BACK
TO THE SIXTIES:
Many
people like to say that, the Sixties in America, was a period
of wild sex, drugs, and rock 'n' roll. But this is really a
simplification. Easy divorce, relatively easy access to contraceptives
and an openness to sexual promiscuity was common in earlier
periods of American history such as the 1920's. What was new
was the change in attitude. The displays of nudity and promiscuity
in new films, plays and in hippie life had shock value because
it did not speak for all Americans. The majority of Americans
were still sexually conservative. Yet this change in attitude
would have profound effects in later decades for many Americans.
Before
the 1960's, drug use was already rampant in America. Just before
1960 arrived American doctors had prescribed 579 tons of tranquilizers
to Americans and millions of dollars worth of barbiturates,
amphetamines, anti-depressants, and other mood-altering drugs.
Before the Sixties marijuana, heroin, and cocaine were most
commonly associated with low-life people or the Beatniks. In
the Sixties the use of illegal drugs would finally spread to
the American middle class and to the American soldiers fighting
in Vietnam.
Marijuana
became a form of cultural protest for young Americans and when
LSD or " acid " became popular, it led to an expanded
awareness among young Americans, that the human mind had many
unknown dimensions that deserved further exploration. Many young
Americans then became interested in different kinds of meditation
that could copy this mind expansion without the use of drugs.

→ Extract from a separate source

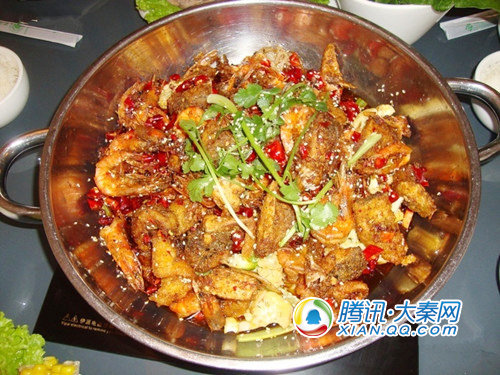 华西村人均收入_干锅居人均(3)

Even before LSD became popular, the CIA had shown interest in
the drug in many secret experiments using unwilling civilians.
When LSD became illegal, it became like marijuana, an intense
form of social protest.
Many
know that Rock "n' Roll had started in the 1950's with
Elvis Presley, but the lyrics of the music were often tame and
had little to do with social protest. Love and fidelity were
usually extolled and it was only in the mid-Sixties that many
Americans realized that something was now happening to popular
music. Singers like Bob Dylan and Joan Baez began singing about
intellectual rebellion. Music was becoming more political and
complex . The Beatles, recently, influenced by drugs and Eastern
religion then pioneered the " psychadelic " or "

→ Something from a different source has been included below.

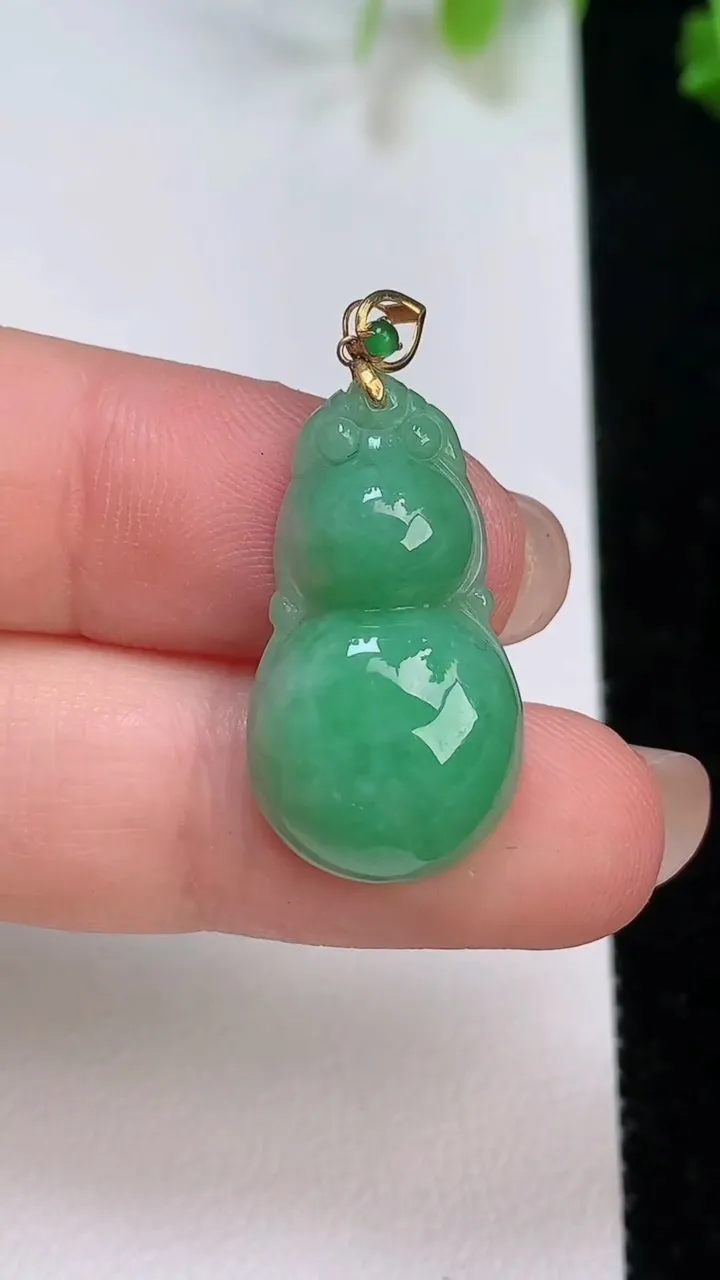 天然A货翡翠葫芦吊坠，尺寸24-13.4-5.5，重量:2.80g
8月7日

drug " sound. The words of the music now became strange
and nonsensical. This drug music was no longer about broken
hearts and relationships. But about strange dream landscapes
that were no longer rational.
Pop
art which later had an artistic kinship with the new drug music
was even older and had begun in the 1950's. Many artists bored
with traditional styles of painting began attacking the American
materialist culture by using its symbols in strange new ways.

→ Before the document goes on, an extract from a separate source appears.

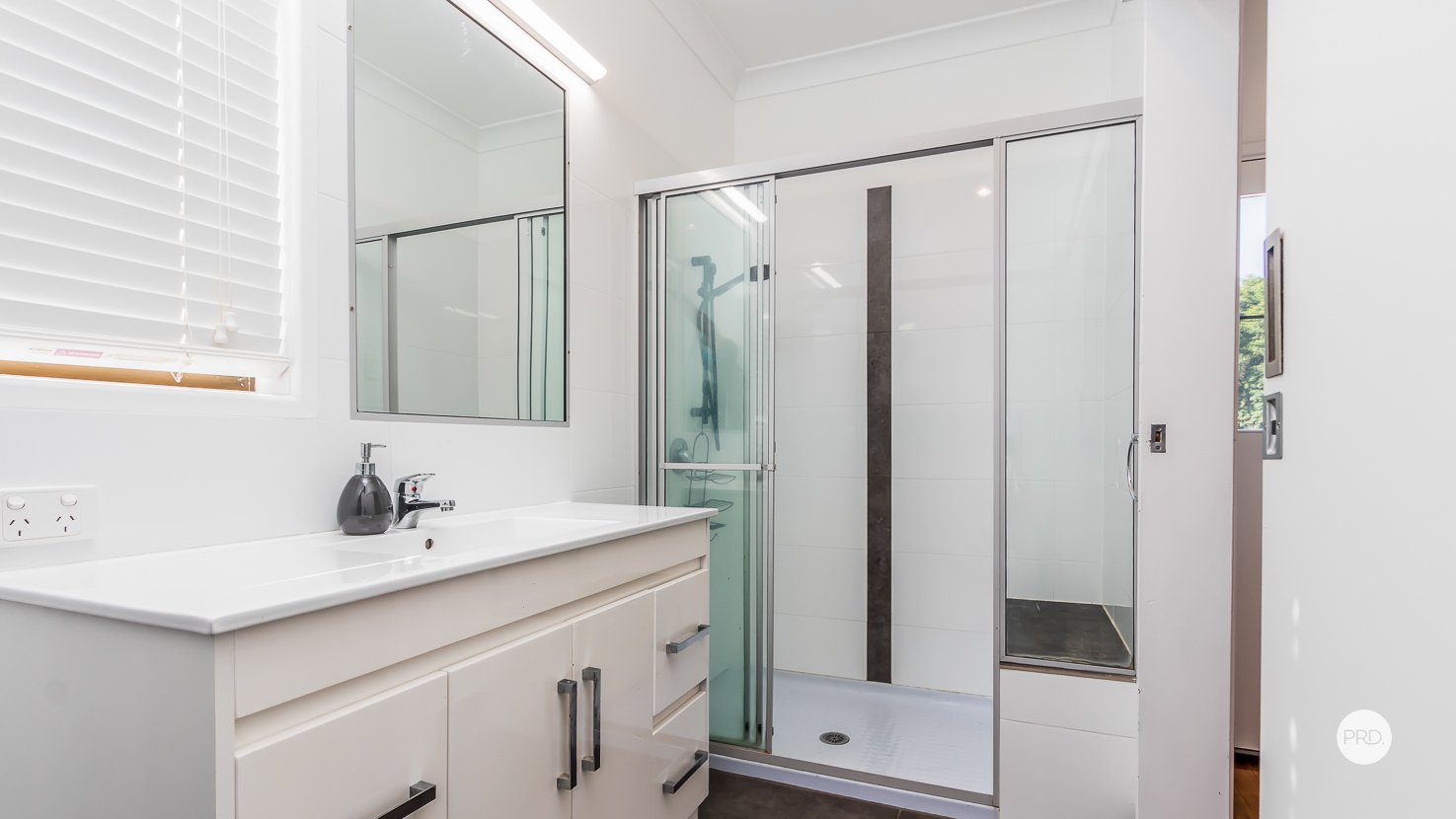 37 STRADBROKE Street REDLAND BAY 23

Andy Warhol painted consumer items like commercial soup cans
in strong colors and exaggerated sizes. American comic books
and the American flag were also portrayed in exaggerated ways
by other pop artists which forced many Americans to reject the
new art as unpatriotic and strange. Indeed, the majority of
Americans did not get to participate in the cultural revolution
of the Sixties until much later and often this participation
would be in a very watered down form. But the ripples of Sixties
revolution would have profound effects, nevertheless.